China is a military and economic powerhouse, with the Communist Party in charge of politics, daily life, and the majority of its society. With over two million active military personnel, China today has the world’s largest armed forces. A real threat to any potential aggressor.

It is no surprise that NATO has grown increasingly concerned about China’s expanding military capabilities, which it sees as a threat to its members’ security and democratic ideals.

However, China’s EU Mission accused NATO of “slandering China’s peaceful development” in a post on Twitter and reaffirmed that China was committed to a defensive security policy. “China will not present systematic problems to anyone, but if systematic challenges come closer to them, they would not sit by and do nothing,” it added.

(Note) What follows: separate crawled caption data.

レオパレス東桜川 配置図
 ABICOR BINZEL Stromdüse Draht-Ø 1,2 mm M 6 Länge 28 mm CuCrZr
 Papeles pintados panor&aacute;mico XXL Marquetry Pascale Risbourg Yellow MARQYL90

Does this continuous discord affect African and China’s relations in any way? Traditional friendship and strong cooperation connections between China and African countries have endured the test of time and have weathered worldwide turmoil. Under the current circumstance, this partnership, which serves as an example to emerging countries, has been further solidified and developed. 

The economic and trade links between China and African countries have improved in recent years. The Chinese government has made several efforts to develop new methods for increasing economic and trade cooperation on the basis of equality and mutual benefit. China promotes and supports firms from both sides, extending their investment in Africa and boosting trade volume, while continuing to offer economic assistance without any apparent political strings attached.

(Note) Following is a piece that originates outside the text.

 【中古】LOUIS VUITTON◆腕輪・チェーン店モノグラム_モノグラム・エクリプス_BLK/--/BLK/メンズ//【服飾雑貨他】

China’s primary opposition in the diplomatic and economic drive into Africa are the United States, France, and the United Kingdom. In 2009, China overtook the United States as Africa’s greatest trading partner. Between China and 40 African countries, a lot of bilateral trade agreements have been struck. China-Africa trade was about $10 billion in 2000, but by 2014, it had risen to $220 billion.

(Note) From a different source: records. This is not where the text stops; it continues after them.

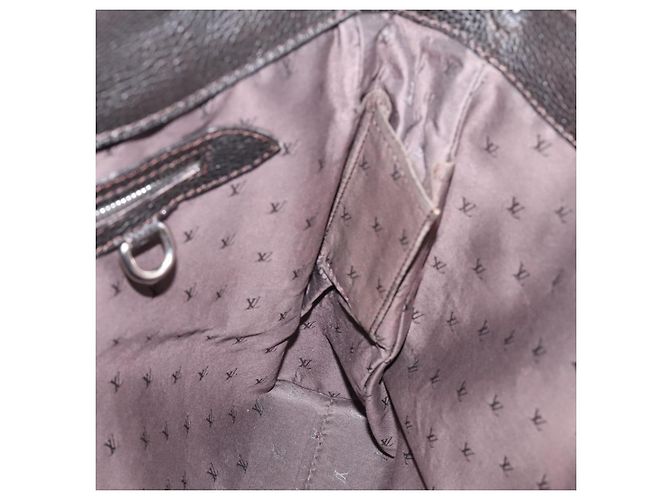 Borsa a mano LOUIS VUITTON Kabainsbruck Suede Brown Silver M95245 LV Auth 202462A Marrone Argento - vista 18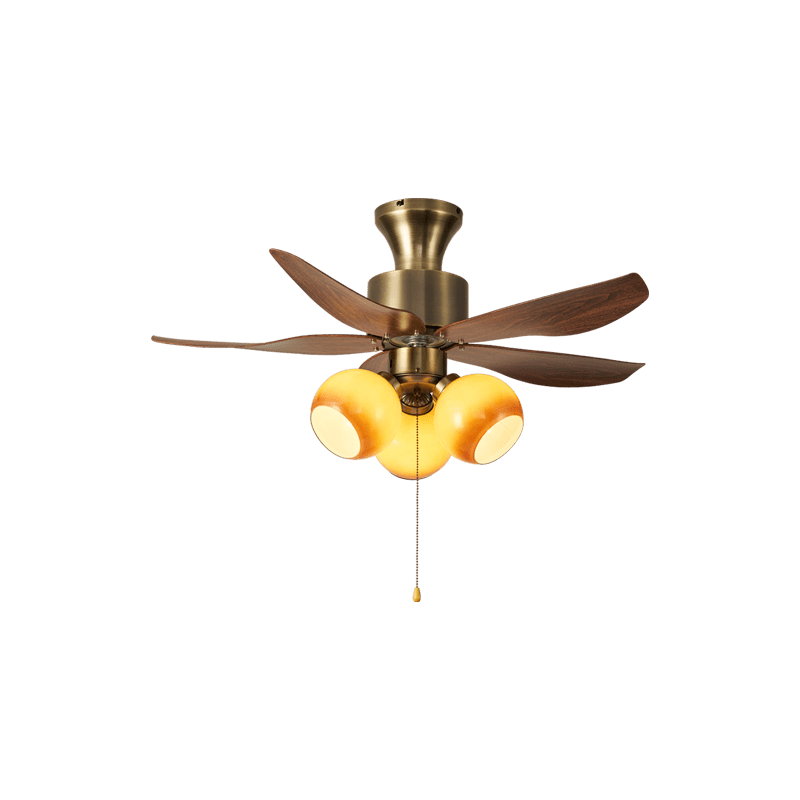 Lysandre loftventilator med lys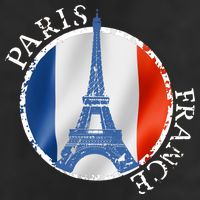 Paris France Peace Eiffel Tower Flag Cool Comfort Performance Bucket Hat
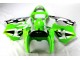 2000-2002 Green Black White Kawasaki ZX6R Bike Fairings 2000-2002 Green Black White Kawasaki ZX6R Bike Fairings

In an effort to challenge China’s multi-billion-dollar Belt and Road Programme for developing economies, dubbed the “New Silk Road,” the Group of Seven (G7) nations launched a massive infrastructure initiative for lower-income countries few years ago. The G7 leaders also stated last Saturday that they will continue to create a “value-driven, high-standard, and transparent” relationship, promising to “collectively catalyze” hundreds of billions in infrastructure projects for low and middle-income countries. Their “Build Back Better World” (B3W) effort, championed then by Joe Biden, who was Vice-President at that time, was targeted squarely at competing with China’s Belt and Road plan, which has been criticised for saddling tiny countries with unmanageable debt. China’s Belt and Road Initiative strengthens economic, political, and security linkages between Africa and China, while also advancing Beijing’s geopolitical goals.

Africa is a key consumer of China’s industrial surpluses, including coal, cement, steel, glass, solar, shipbuilding, and aluminium, all of which are used in the One Belt One Road plan. Chinese cement shipments increased tenfold during the construction of the Nairobi-Mombasa railway in Kenya. In 2018, steel exports from China to Nigeria climbed by 15%, while steel imports from Algeria more than tripled. In 2019, China raised its global aluminium exports by 20%, reaching $46 billion in trade with Egypt, Ghana, Kenya, Nigeria, and South Africa.

The implication of these new initiatives, the One Belt One Road initiative and the Build Back Better World, is that they would bring about healthy competition between the US and China, and as a result, provide options for African countries to adopt whichever initiative best suit them.  Africa will now find itself in a new position where the continent can comfortably say “head or tail, we win.”